‘A long journey’: Richly detailed, fully searchable Chinese treasures will be made available for free online

East Asian Library exterior
The UC Berkeley Library is partnering with Sichuan University in China to digitize most of the C. V. Starr East Asian Library’s pre-1912 Chinese language materials. (Photo by Cade Johnson for the UC Berkeley Library)

The books, printed centuries before Gutenberg mania swept through Europe, are some of the oldest in UC Berkeley’s collections.

In fact, some are among the oldest books, period.

“These are priceless materials,” said Peter Zhou, director of Berkeley’s C. V. Starr East Asian Library, or EAL. “Some of them are the only pieces of that publication in the world — the world has only one copy.”

And soon, these treasures, and more, will be free for anyone in the world to see.


Today, the UC Berkeley Library announces a monumental collaboration with Sichuan University, with funding from the Alibaba Foundation. The project aims to digitize most of the pre-1912 Chinese language materials from EAL’s collections, bringing them to life in vivid detail for researchers today and for generations to come.

While chunks of EAL’s collections have been digitized and made available online over the years, the project with Sichuan University is the first of its kind because of its grand scope. Berkeley’s collection of Chinese volumes is one of the largest among research libraries in North America. Nearly 10,000 titles are from before 1912, and are in line to be digitized.
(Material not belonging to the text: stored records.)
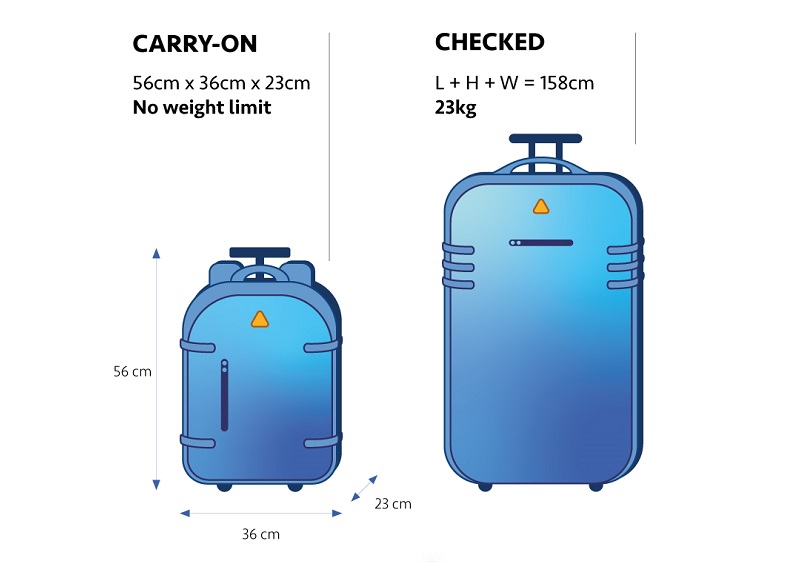 Baggage weight on international flights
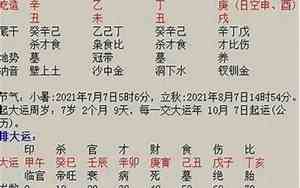 怎么样给小孩起好名字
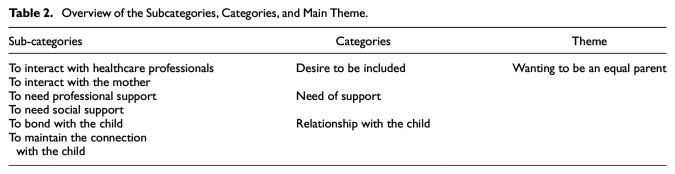 Navigating Parenthood Alone: A Mixed-Method Study of Single Fathers' Experiences and Needs Regarding Received Midwife and Child Health Nurse Support in Sweden.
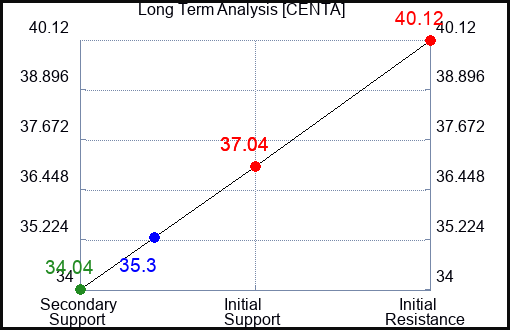 CENTA Long Term Analysis for May 13 2023 CENTA Long Term Analysis for May 13 2023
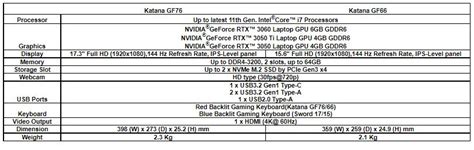 MSI launches complete line-up of laptops with NVIDIAR GeForce RTXT 30 ...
Under the agreement, Berkeley will digitize half a million pages per year for three years, with the possibility of the project continuing for another three years after that. The digitization work, to be done in-house at Berkeley, will capture images in high resolution, meeting or exceeding current standards for digital scholarship collections and long-term digital preservation. Each digitized treasure will be painstakingly enriched with information, or metadata — for example, when the item originated or other notes that illuminate its history.

The images will be converted to text through a process called optical character recognition, or OCR. OCR opens the door to needle-in-a-haystack keyword searches within an item, and lowers the barrier of access for people with print disabilities. Sichuan University and DAMO Academy, Alibaba’s research institute, have developed a cutting-edge system that harnesses machine learning to convert ancient Chinese characters into machine-readable text. The system is quick and efficient, recognizing characters 30 times as fast as a human can read, with 97.5 percent accuracy.
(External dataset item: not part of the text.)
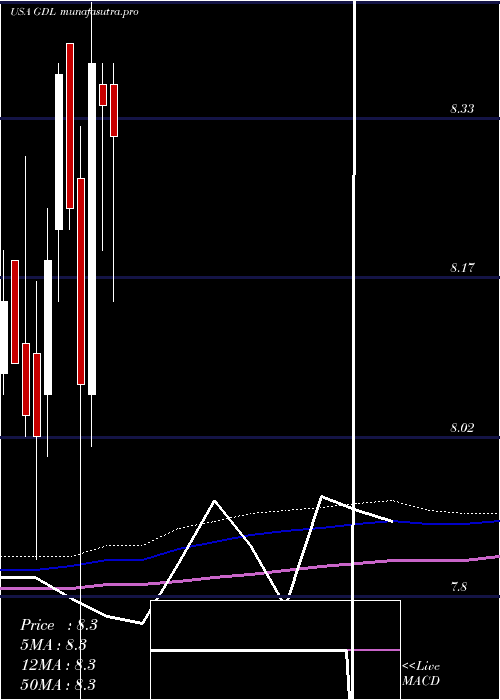 monthly chart GdlFund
At Berkeley, the materials will then make their way to the Library’s Digital Collections portal, where they can be examined 24/7, by anyone, from anywhere.

Some of the Chinese items that will be digitized
At left, a sampling of materials from the East Asian Library’s pre-1912 Chinese manuscript collection. At right, a closer look at one of the items that has already been scanned. (Table photo by Tim Converse for the UC Berkeley Library)
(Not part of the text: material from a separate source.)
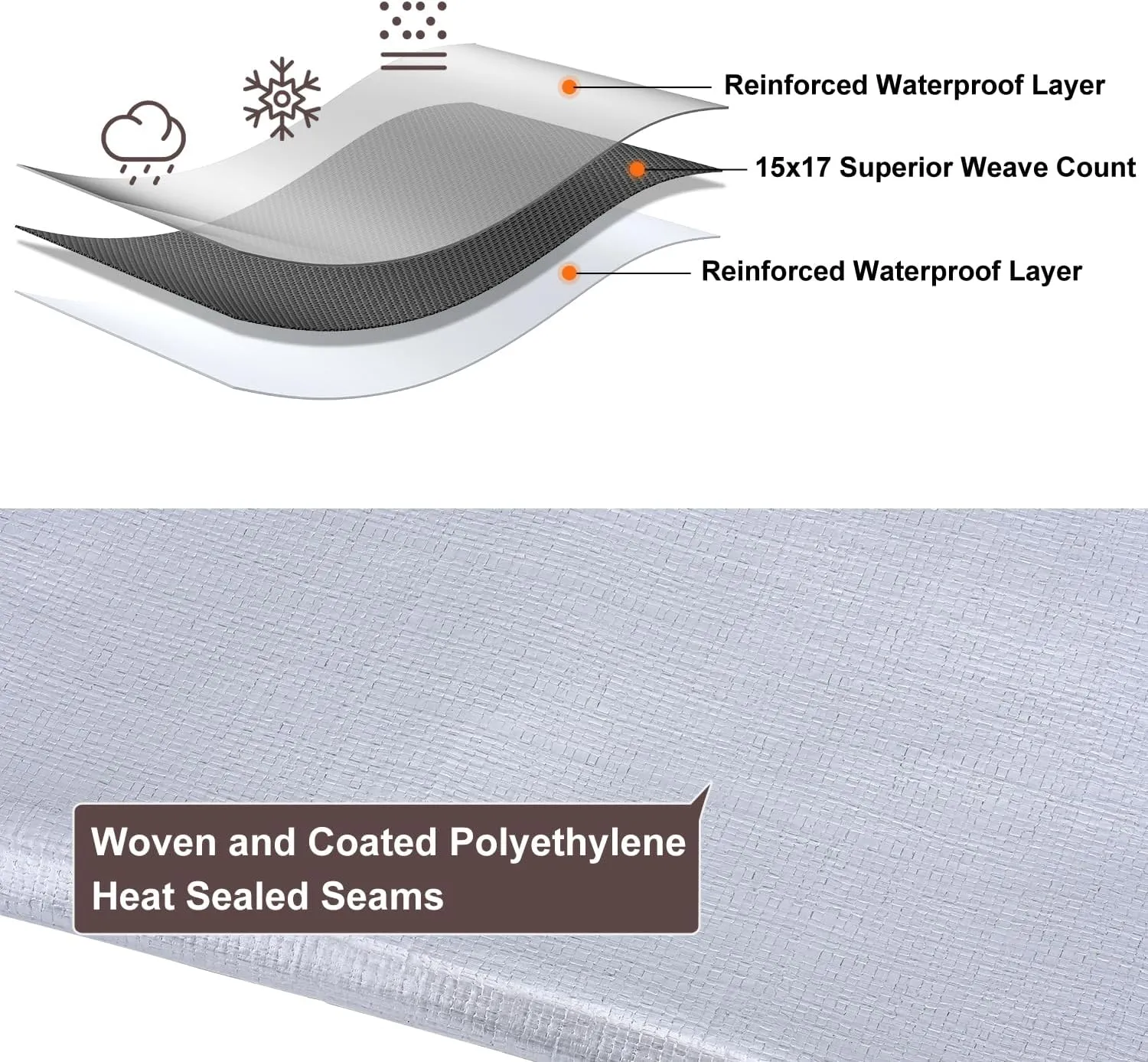 Tarp 10x20FT, 16 Mil Large Tarp, Tarps Heavy Duty Waterproof with Grommets Every 23.6", 420D Thick Plastic Tarp, UV Resistant Tear&Fade Resistant, Reinforced Edges for Outdoor Pool Camp Tent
Among the treasures — which include old and rare woodblock editions and manuscripts — are volumes printed from blocks engraved in the Song and Yuan dynasties. According to Zhou, North American libraries hold around 120 titles tracing back to these periods, which saw the birth of large-scale printing over a thousand years ago. Of those titles, Berkeley holds 44, or roughly a third.

For many of the materials, this new digital life marks the next phase in a great journey through time and space. Some of the volumes have lived through periods of political upheaval and disaster, such as bombings in World War II, before making their way to EAL’s collections.

“These things have survived centuries,” said Deborah Rudolph, EAL’s curator of rare books and special collections. “They have gone from one collector’s collection to another. Sometimes those collectors have left materials behind because they’re fleeing civil war, sometimes they had reversals of fortune, so they had to sell the stuff. …

“It’s just incredible what some of this material has gone through.”

Rudolph discusses materials with guests
Curator Deborah Rudolph, center, leads guests through a tour of the collections at the East Asian Library in 2018. (Photo by Jami Smith for the UC Berkeley Library)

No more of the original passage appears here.